Confidential or corporate ms: addressed to specific group of individuals all of whom are known to the writer or belong to pre-defined group who share communal values. You may expect the immediate recipient to show ms to others. Memos to partners in law firms, business, departments, readers’ reports. They may be written without regard to author’s reputation.
Public ms’s: intended for dissemination among people we don’t know. (As the circulating manuscripts of poems in the Renaissance.) There seems to be a slide from confidential to public. You want a public record. I’d say anything on the Net not specifically defined as going to a single person and not to be spread further is automatically at risk of being public or simply is public upon being put into cyberspace packets (including supposedly closed listservs and webrings.)
It’s the social intentions of the writer that matter.
The important difference between pre- and post-1790s ms’s in general is that after 1790 we find many more manuscripts of books which are published. Authors and their executors begin to save their ms’s, to value them, and there is suddenly a huge expansion of private and confidential ms’s. By private and confidential Reiman means autobiographical writing: letters, memoirs, life-writing of all sorts (autobiography, travel books). Before the eighteenth century many authors we now read did not publish their work by print at all; they allowed it to circulate in public manuscripts; it was not done to attribute the work to yourself, especially for a woman and aristocrats. When a work was published that showed you were trying to make money (that would be after the early modern period when the literary marketplace started to exist and expand) or gain fame (unseemly) or produce propaganda.

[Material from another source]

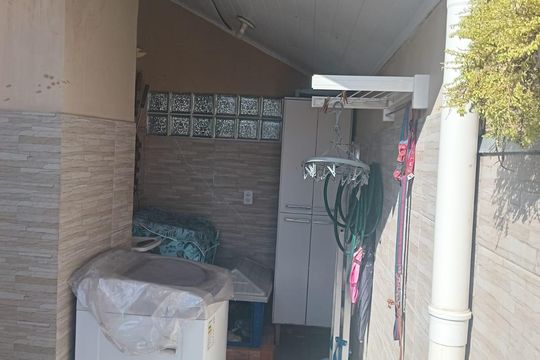 Área de serviço de casa de condomínio à venda com 2 quartos, 96m² em Vila Nova, Porto Alegre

People just did not have a positive view of writing or writers as wise people trying to help others. In the later 18th century still, when people did publish their works, they did not value the ms’s; the ms was regarded as say one would orange peels or something to discard and even when the author made a fair copy apart from the copy sent to the publisher, most of the time the ms’s does not survive.

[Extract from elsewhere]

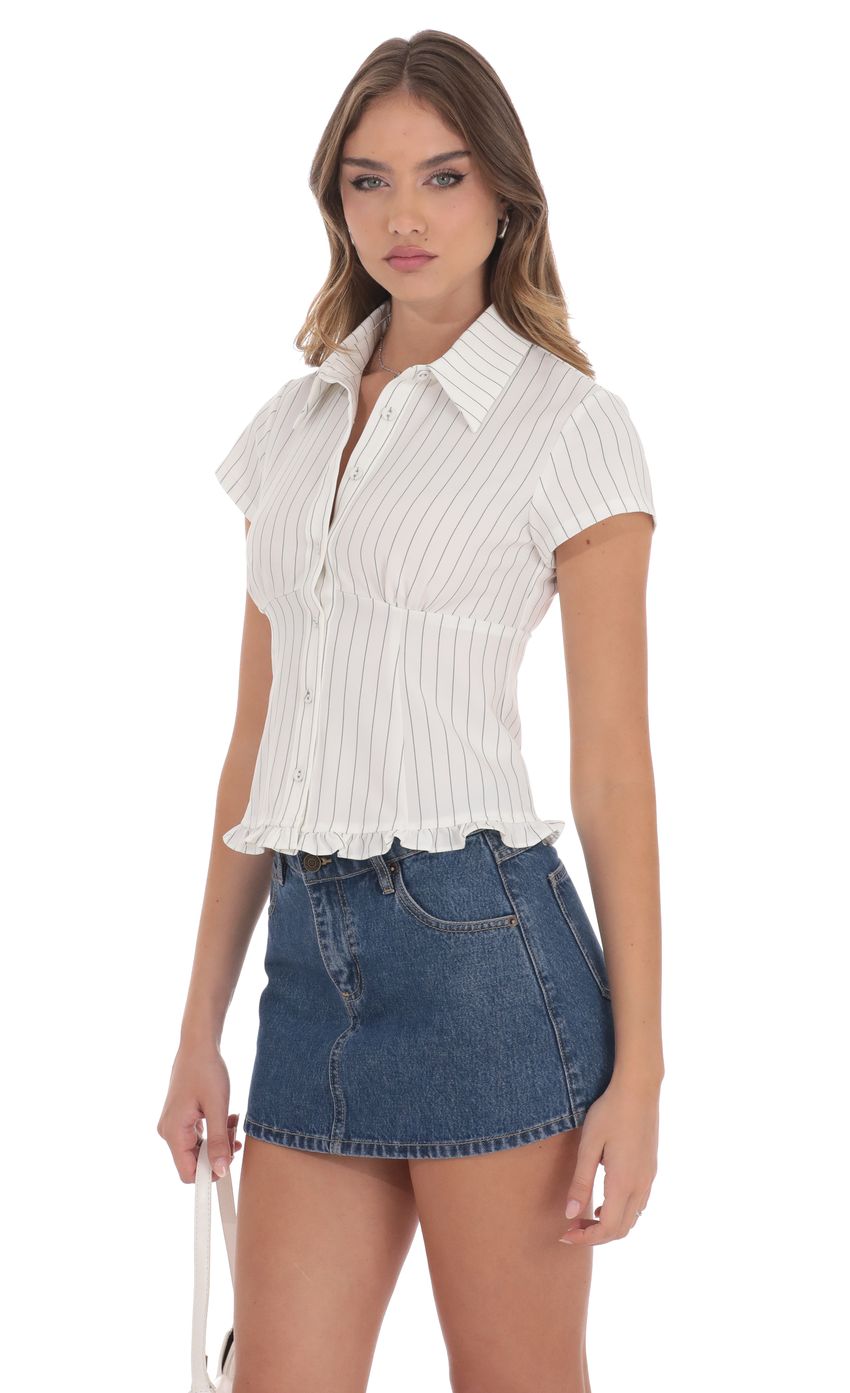 Picture Button-Up Ruffle Top in White Stripes. Source: https://media-img.lucyinthesky.com/data/product-media/850xAUTO/efcdf72c-4e38-4daf-b997-006bb802ffa1.jpg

There are no specific pages on Austen in the section of Reiman’s book on ms’s before the later 18th century, but there are specific in the long section on confidential ms’s. Confidential ms’s are ms’s meant for a small audience, not just oneself (Boswell’s diaries and Fanny Burney’s) but much of iot not meant for a vast impersonal public.
An Image of the so-called cancelled chapter of Persuasion
Mary Shelley becomes the first of a typical kind of person familiar to us today: she saved every scrap PBS ever wrote, whether she published it or not. So too Teresa Guiccioloi, Byron’s papers. This preservation of ms’s began in the 17th century but only spreads in the 19th; at the same time starting in the later 17th century published autobiography, books of letters, the invention of modern biography begins, the popularity of travel writing.

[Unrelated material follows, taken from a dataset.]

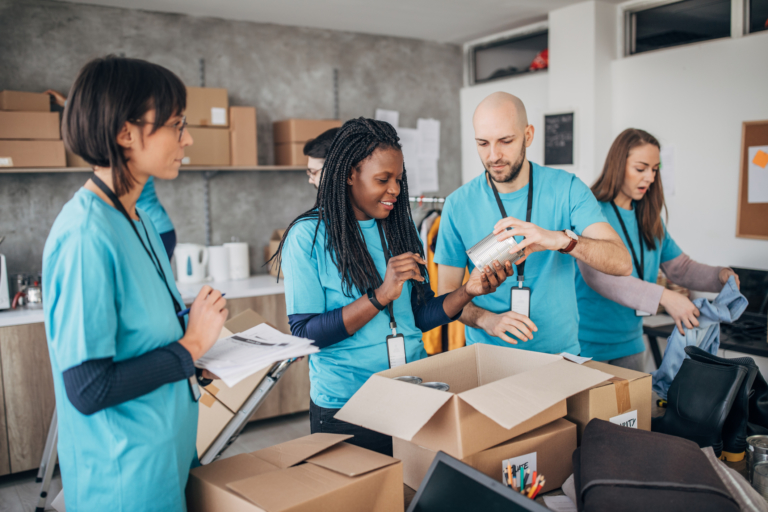 Multi-ethnic group of people, diverse volunteers packing donation boxes in charity food bank.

In general Austen seems to belongs to the pre-1790s period in attitude. She often reflects the era before the romantic one; she is anti-romantic. The puzzling lack of any manuscripts of books which were published except the case of the two chapters of Persuasion is then explained by Reiman’s book. If we remember that in fact both Northanger Abbey and Persuasion were not published by Austen, and may represent an un-, or hastily finished truncated works (Persuasion), and or a work she was not satisfied with (NA), both of which were as yet not even titled for sure, the left over chapters of Persuasion don’t seem such an anomaly. Especially chapter 10, the where Anna visits the Crofts, is welcomed by the Admiral and Mrs Crofts, and finds herself in a room with Wentworth who then proceeds to propose marriage, be accepted and we get a kind of enigmatic response from Wentworth’s sister and brother-in-law which could suggest they knew for some time that Anne had been engaged to Wentworth previously. It’s a draft meant to be worked into some imagined final version of Persuasion which death cut Austen off from.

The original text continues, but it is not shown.